Cascade Impactors operate by convecting an aerosol through several consecutive stages. Each stage of the Impactor is designed to retain all particles below a certain cutoff size. By arranging the stages in descending order of their cutoff sizes an incoming aerosol can be separated into size bins. The amount of mass within these size bins can then be used to estimate the original aerosol size distribution (as seen in Figure 1b). For each stage the relationship between the probability of a particle being captured and its aerodynamic diameter is known as an efficiency curve. Traditionally, each efficiency curves should be designed to be as near to a step function as possible. However, after more than 50 years of development even the most optimal efficiency curves do not approximate the ideal step function shape (Figure 1a). Furthermore, the relatively high air velocities necessary to insure the sharpest possible efficiency curves can cause the aerosol particles to bounce off of the impactors collection stages. This particle bouncing phenomena is dependent on the type of material impacting with the surface, which is one of the main reasons for variability in impactors. Without invariant ideal efficiency curves, interpreting the results of the impactor becomes complicated. In order to process the data, it has become a standard practice to assume that the point at which 50% of the mass will impact on each curve is actually the location of an ideal cutoff curve (as seen in contrast of the Red and Black curves Figure 1a). The error in this calculation is compounded by the uncertainty in the operation of the impactor.
The process of using the collection of discrete masses captured on the stages to estimate the original unknown particle size distribution is known as data inversion.

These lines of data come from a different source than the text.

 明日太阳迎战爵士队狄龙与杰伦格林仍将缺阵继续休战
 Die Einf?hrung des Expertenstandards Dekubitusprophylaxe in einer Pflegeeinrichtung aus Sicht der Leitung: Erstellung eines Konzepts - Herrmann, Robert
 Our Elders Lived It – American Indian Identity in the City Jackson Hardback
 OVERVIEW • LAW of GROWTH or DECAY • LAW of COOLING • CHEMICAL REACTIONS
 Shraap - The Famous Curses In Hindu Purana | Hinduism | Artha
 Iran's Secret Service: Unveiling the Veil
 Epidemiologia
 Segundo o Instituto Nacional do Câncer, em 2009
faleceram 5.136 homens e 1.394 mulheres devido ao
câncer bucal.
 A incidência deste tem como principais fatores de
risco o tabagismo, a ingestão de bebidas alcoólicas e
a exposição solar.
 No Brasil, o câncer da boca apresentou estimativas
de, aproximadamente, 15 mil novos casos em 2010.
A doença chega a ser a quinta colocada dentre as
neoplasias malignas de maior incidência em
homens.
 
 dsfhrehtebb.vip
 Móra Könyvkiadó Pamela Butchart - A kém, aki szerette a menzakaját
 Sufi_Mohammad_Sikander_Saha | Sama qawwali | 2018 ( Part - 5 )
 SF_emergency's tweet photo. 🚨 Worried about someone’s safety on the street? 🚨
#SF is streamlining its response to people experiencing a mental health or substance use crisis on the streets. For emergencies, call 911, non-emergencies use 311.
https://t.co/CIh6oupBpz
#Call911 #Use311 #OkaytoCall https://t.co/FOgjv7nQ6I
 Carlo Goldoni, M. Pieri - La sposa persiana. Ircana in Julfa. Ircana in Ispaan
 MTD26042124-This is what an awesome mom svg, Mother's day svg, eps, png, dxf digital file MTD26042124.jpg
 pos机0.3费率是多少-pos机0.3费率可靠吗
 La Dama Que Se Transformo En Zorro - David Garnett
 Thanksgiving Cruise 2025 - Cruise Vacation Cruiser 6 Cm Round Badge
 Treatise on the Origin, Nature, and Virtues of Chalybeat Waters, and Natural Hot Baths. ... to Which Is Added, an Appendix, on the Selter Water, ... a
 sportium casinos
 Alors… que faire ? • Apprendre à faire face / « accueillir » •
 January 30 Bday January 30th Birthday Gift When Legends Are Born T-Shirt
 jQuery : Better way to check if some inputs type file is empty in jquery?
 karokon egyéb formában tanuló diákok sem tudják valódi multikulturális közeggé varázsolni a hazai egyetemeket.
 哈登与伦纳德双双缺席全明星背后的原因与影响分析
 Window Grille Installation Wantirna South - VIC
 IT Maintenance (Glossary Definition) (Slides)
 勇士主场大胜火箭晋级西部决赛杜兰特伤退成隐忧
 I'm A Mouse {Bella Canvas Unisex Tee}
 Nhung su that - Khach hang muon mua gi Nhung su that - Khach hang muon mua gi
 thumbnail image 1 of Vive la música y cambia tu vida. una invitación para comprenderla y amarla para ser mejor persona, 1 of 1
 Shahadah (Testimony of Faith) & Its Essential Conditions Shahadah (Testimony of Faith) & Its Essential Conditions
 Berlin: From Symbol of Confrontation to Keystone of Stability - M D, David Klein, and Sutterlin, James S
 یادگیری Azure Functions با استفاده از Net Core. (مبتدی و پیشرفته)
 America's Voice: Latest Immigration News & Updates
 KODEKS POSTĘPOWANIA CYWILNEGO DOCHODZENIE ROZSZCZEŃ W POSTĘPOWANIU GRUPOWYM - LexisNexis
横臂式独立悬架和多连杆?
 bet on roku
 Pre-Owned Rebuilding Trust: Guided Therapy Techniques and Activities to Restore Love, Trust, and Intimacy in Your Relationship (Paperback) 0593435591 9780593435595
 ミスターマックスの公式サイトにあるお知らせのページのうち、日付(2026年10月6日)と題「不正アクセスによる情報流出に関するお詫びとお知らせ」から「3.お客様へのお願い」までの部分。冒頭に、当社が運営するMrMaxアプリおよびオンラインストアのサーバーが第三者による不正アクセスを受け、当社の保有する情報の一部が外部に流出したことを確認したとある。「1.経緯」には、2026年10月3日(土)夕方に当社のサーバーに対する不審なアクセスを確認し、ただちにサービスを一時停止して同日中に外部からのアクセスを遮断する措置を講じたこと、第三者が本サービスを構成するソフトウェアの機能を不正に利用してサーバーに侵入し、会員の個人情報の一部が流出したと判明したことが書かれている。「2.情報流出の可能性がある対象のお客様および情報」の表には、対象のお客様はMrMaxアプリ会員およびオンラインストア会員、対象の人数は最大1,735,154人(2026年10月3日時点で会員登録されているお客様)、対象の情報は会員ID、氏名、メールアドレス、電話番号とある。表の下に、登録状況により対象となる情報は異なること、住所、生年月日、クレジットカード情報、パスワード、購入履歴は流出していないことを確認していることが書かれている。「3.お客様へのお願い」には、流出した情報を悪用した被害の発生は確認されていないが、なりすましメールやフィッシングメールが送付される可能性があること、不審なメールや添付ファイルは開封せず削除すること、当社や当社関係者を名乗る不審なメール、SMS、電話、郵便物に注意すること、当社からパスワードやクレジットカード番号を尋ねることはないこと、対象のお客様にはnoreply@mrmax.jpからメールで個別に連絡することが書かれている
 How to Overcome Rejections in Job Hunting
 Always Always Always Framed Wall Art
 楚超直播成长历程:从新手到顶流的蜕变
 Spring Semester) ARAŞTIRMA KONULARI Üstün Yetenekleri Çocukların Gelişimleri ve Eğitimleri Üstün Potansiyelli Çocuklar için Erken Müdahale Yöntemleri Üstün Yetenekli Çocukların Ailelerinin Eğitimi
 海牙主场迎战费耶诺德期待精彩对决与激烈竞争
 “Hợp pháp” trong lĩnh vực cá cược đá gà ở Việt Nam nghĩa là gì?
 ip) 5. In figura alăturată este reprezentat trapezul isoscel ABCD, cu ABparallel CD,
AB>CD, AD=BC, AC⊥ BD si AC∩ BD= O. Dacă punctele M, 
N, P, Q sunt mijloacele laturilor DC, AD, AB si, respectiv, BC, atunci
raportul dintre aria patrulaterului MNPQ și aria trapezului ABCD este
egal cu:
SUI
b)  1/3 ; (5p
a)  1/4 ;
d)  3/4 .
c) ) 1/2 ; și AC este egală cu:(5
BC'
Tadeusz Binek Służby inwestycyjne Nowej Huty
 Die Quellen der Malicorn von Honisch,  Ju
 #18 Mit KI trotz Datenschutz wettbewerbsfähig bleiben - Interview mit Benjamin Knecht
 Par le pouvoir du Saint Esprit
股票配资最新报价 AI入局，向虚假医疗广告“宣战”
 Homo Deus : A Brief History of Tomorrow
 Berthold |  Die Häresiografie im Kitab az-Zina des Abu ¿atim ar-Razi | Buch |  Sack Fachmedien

The key aspect of data inversion is that the problems are ill-posed; that is, many possible different aerosol size distributions could lead to that specific configuration of captured masses in an impactor. While this aspect makes data analysis more challenging, it does not prevent a repeatable high quality inversion. Our approach has been to use Information Theory to find the most probable distribution given the information we have on the problem (collected stage masses and CI calibration information). Our key finding has been that when this mathematical technique is applied to CI inversion, certain configurations of non-ideal efficiency curves (namely efficiency curves which overlap with their neighbors) preserve more information and allow for an accurate reconstruction of the original size distribution (as seen in Figure 1c). This has two major implications (1) traditional design techniques are likely striving to design the worst impactor configuration from an Information Theory perspective and (2) if the shape of the impaction curves are allowed to be relaxed away from the ideal case (lower volicity, less steep efficiency curves), it is possible to design an impactor to minimize or eliminate particle bounce and other problems that cause the traditionally design impactors to have such variable behavior.
Address Goals
This activity is primarily aimed at discovering methodologies to make cascade impactors more accurate. The use of information theory as a novel approach for data inversion becomes also a mathematical tool for optimizing the design of these devices.
The activity also helps develop the research infrastructure of the country. By making cascade impactors more accurate, we provide an enhanced tool for improving the quality and accelerating the development of pharmaceutical products.